To solve the problem, we need to find the probability \( P(F|E) \), where:
- Event \( E \): The son is on one end of the lineup.
- Event \( F \): The father is in the middle of the lineup.
### Step 1: Determine the Sample Space
The family consists of three members: Mother (M), Father (F), and Son (S). The total number of arrangements (sample space) for these three members is given by the factorial of the number of members, which is \( 3! = 6 \).
The possible arrangements are:
1. M, F, S
2. M, S, F
3. F, M, S
4. F, S, M
5. S, M, F
6. S, F, M
So, the sample space \( S \) is:
\[ S = \{ (M, F, S), (M, S, F), (F, M, S), (F, S, M), (S, M, F), (S, F, M) \} \]
### Step 2: Identify Event \( E \)
Event \( E \) occurs when the son is on one end. The possible arrangements that satisfy this condition are:
1. S, F, M
2. S, M, F
3. M, F, S
4. F, M, S
Thus, the outcomes for event \( E \) are:
\[ E = \{ (S, F, M), (S, M, F), (M, F, S), (F, M, S) \} \]
The number of favorable outcomes for event \( E \) is 4.
### Step 3: Calculate \( P(E) \)
The probability of event \( E \) can be calculated as:
\[
P(E) = \frac{\text{Number of favorable outcomes for } E}{\text{Total outcomes in sample space}} = \frac{4}{6} = \frac{2}{3}
\]
### Step 4: Identify Event \( F \)
Event \( F \) occurs when the father is in the middle.
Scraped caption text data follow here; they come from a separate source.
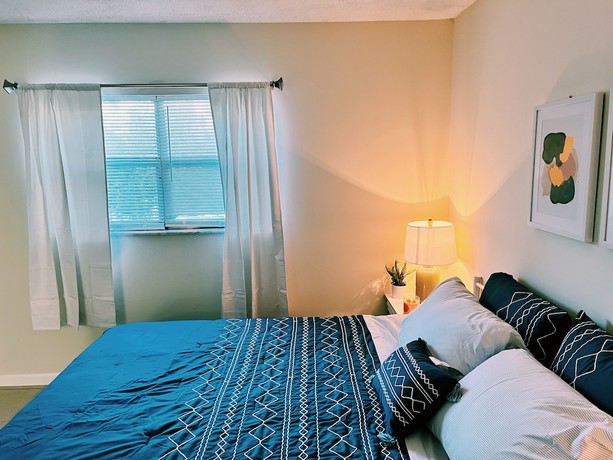 Imagen de la habitación del Hotel Riverwatch. Foto 4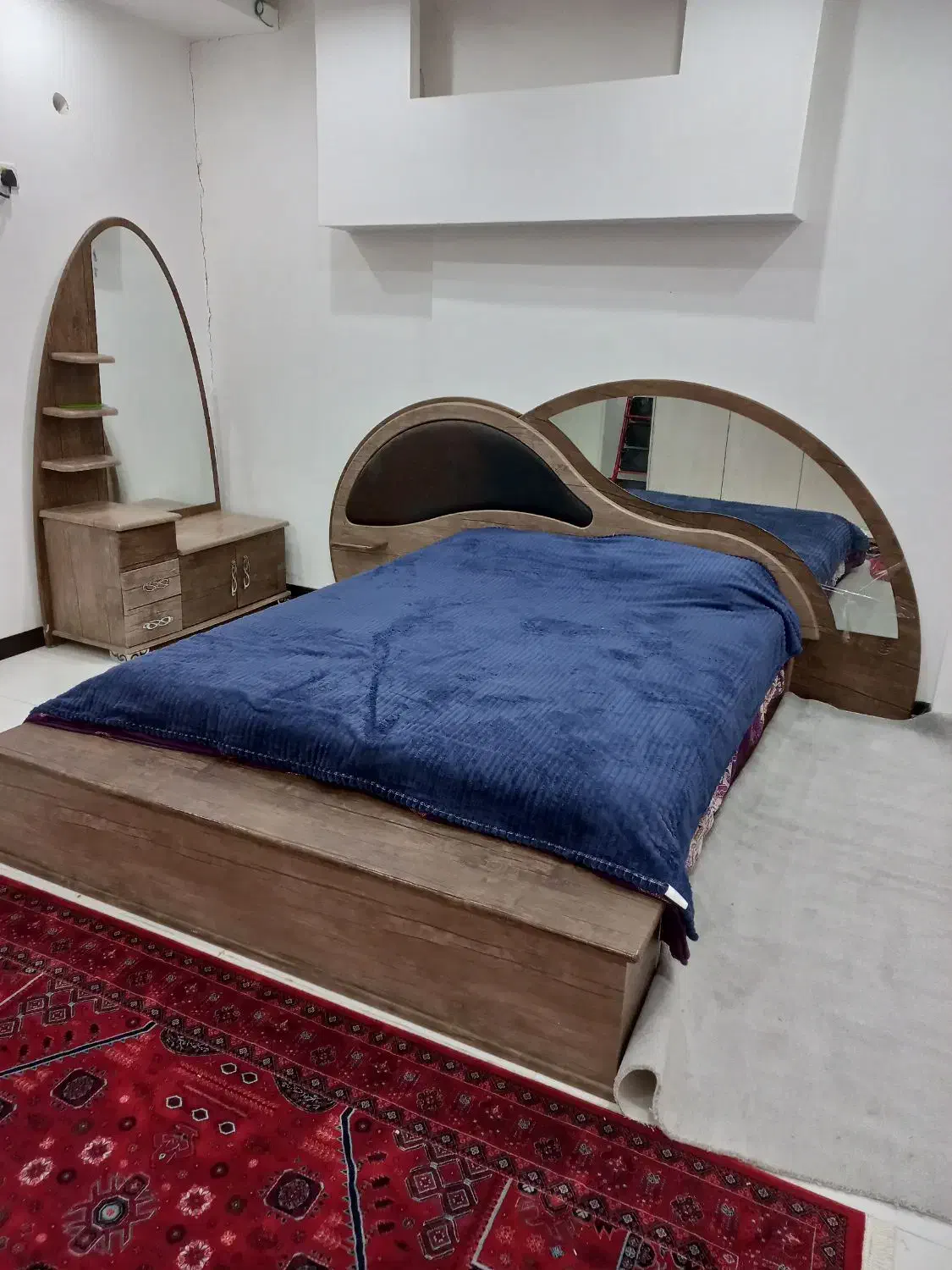 سرویس خواب در حد نو|تخت و سرویس خواب|اهواز, کوی سعدی|دیوار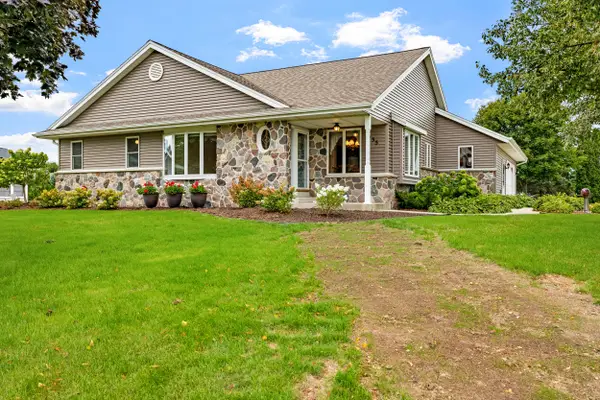 335 N Main St, Cedar Grove, WI 53013
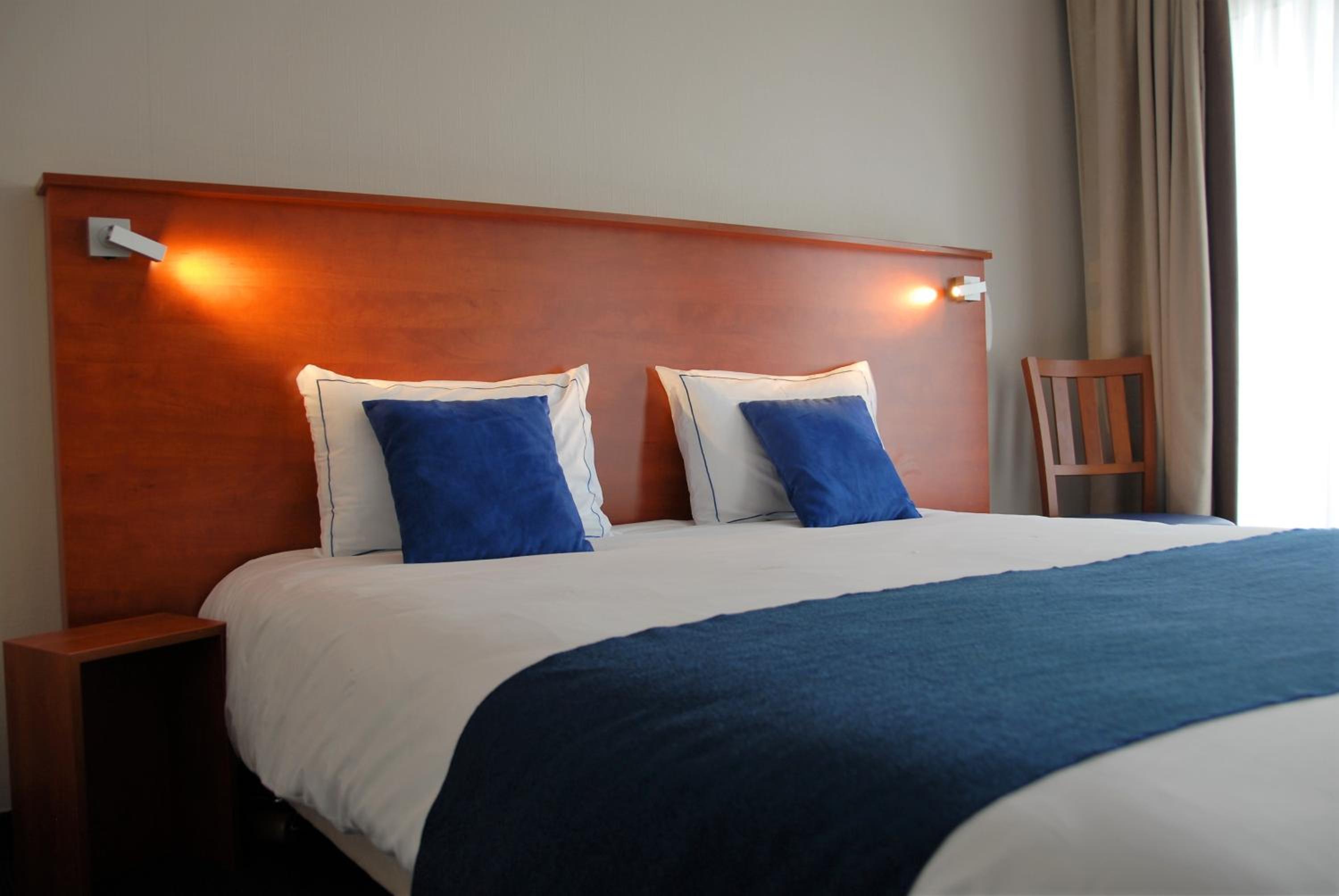 Double Room with City View - Photo 4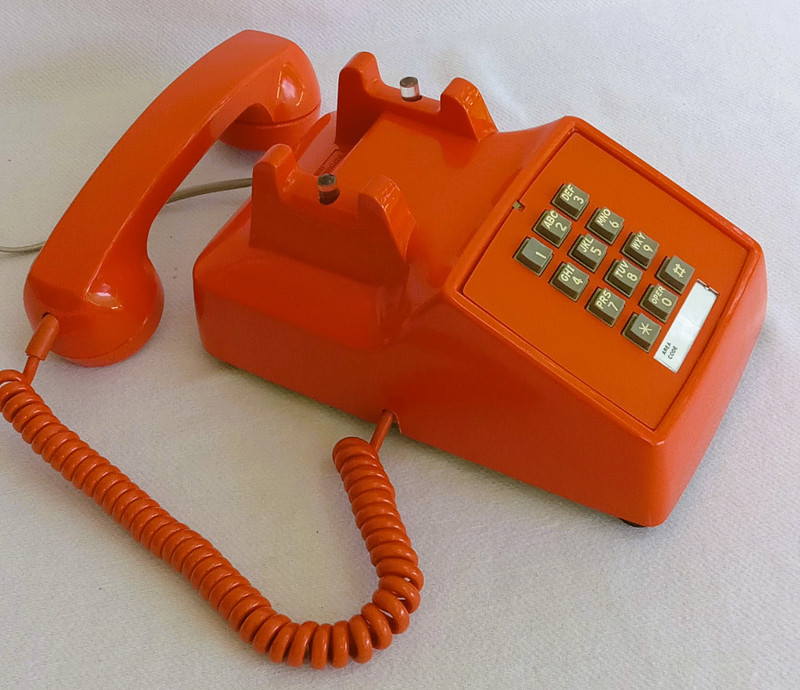 Stromberg Carlson 2500 touch tone telephone Orange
The possible arrangements that satisfy this condition are:
1. M, F, S
2. S, F, M
Thus, the outcomes for event \( F \) are:
\[ F = \{ (M, F, S), (S, F, M) \} \]
The number of favorable outcomes for event \( F \) is 2.
### Step 5: Identify \( F \cap E \) (Intersection of \( F \) and \( E \))
Now, we need to find the intersection of events \( F \) and \( E \), which consists of outcomes that are common to both events:
- The arrangements that have the father in the middle and the son on one end are:
1. S, F, M
Thus, the intersection \( F \cap E \) is:
\[ F \cap E = \{ (S, F, M) \} \]
The number of favorable outcomes for \( F \cap E \) is 1.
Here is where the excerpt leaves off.